Political reformers in Pakistan have long argued that economic growth would bring about a decline in the militancy that today threatens to tear the country apart. While economic deprivation is undoubtedly a cause of political instability, recent history suggests that growth alone is not a solution.
That’s the lesson from a new book by Tufts University political economist Vali Nasr, Forces of Fortune: The Rise of the New Muslim Middle Class and What It Will Mean For Our World (2009). Capitalism is the best insurer of political stability, Nasr posits, but not all capitalisms are equal. To promote peace, growth must do more than simply reduce absolute poverty by expanding the proverbial economic pie. It must also curb inequality by expanding the middle class, and tie their success explicitly to the stability of the state.
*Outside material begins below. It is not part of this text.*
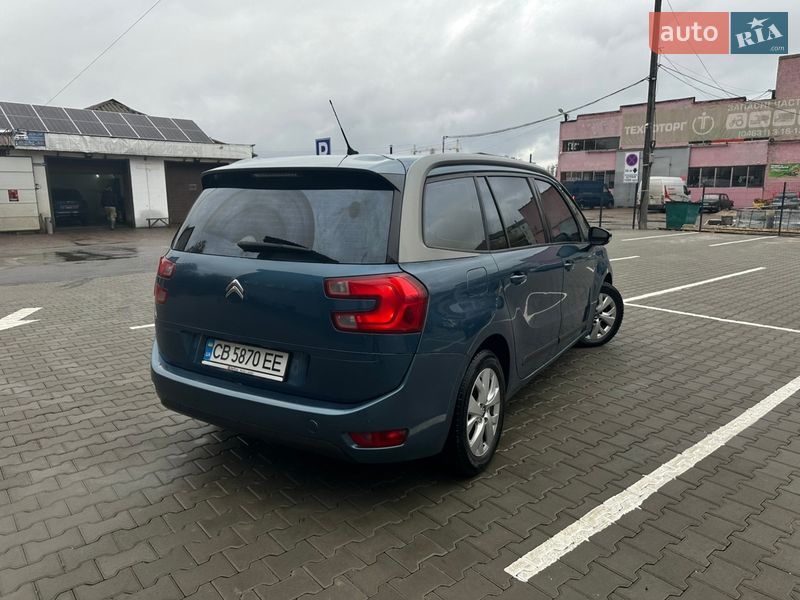 Микровэн Citroen C4 Picasso 2014 в Нежине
Illustration: Jayachandran / Mint
The Muslim world’s middle classes are the ultimate stakeholders in the war on terrorism. While demanding liberal pro-growth policies that raise the incomes of those at the bottom, middle-class business leaders remain dependent on the state for core services such as education and healthcare which both facilitate their own entrepreneurship and benefit the poor.
Unlike upper-crust investors, they can’t pack up their assets and their families and leave when political turmoil hits. Because they have real wealth to lose if the state falls apart, middle classes remain engaged in the democratic process and protect democratic institutions from violence and corruption. By strengthening the state, and enriching their societies, they undermine the sales pitch of militant leaders who prey on inequalities and power vacuums to recruit followers. Even in economically troubled, war-torn Pakistan, a small middle class is beginning to play this very role.
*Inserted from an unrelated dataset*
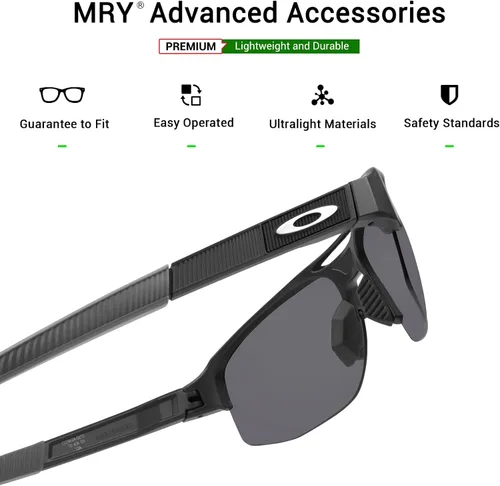 Miniatura 7 de Mryok Recambio Earsocks Nosepiece para gafas de sol Oakley Mercenary OO9424 - Opciones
Nasr is Milton Friedman with a liberal twist. Like Max Weber’s Protestant ethic, Nasr’s capitalism is a system of control that marries self-interest to social duty. By contrast, capitalism’s advocates inside Pakistan recall Ayn Rand in their conception of free markets principally as mechanisms of individual autonomy.
Former prime minister Shaukat Aziz, for example, boldly removed barriers to foreign investment, cut corporate taxes and privatized major industries. At the high point of his tenure, in 2005, Pakistan’s economy was expanding at an annual rate of 7%.
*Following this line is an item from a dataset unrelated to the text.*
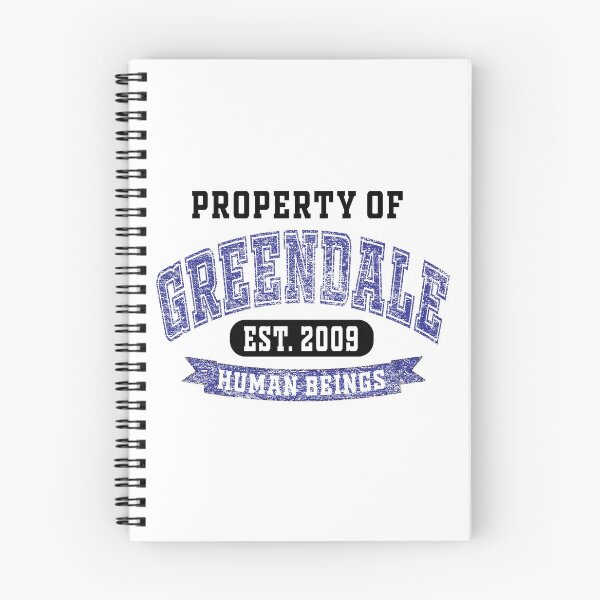 Item preview, greendale community college human being vintage logo designed and sold by rachichi99.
But Aziz focused on pure growth—delivering gains to a few elite individuals—rather than on targeted growth among the middle classes. He liberated capital markets for investors but left gaping holes in social services: together, health and education spending still make up less than 10% of Pakistan’s economy. Elite industrialists received preferential access to energy and raw produce, fuelling a lucrative export boom, but creating shortages for ordinary consumers.
The government compensated with generous subsidies, driving inflation to 25% by 2008. Linked to food and fuel, this inflation hit hardest at the poor, in rural areas vulnerable to Taliban recruiters. If there is a link between deprivation and violence, it appears when these rural populations feel exclusively cut out of the larger society’s economic gains.
As the Taliban rapidly expanded and military spending on counterterrorism ballooned, Aziz’s plans to shrink the state collapsed. After all, defence spending is just another form of big government, one that keeps middle-class professionals outside the private sector, where they could contribute to economic growth and social development.
Nasr concludes that capitalist reform which fails to protect middle-class entrepreneurship doesn’t stay capitalist for long.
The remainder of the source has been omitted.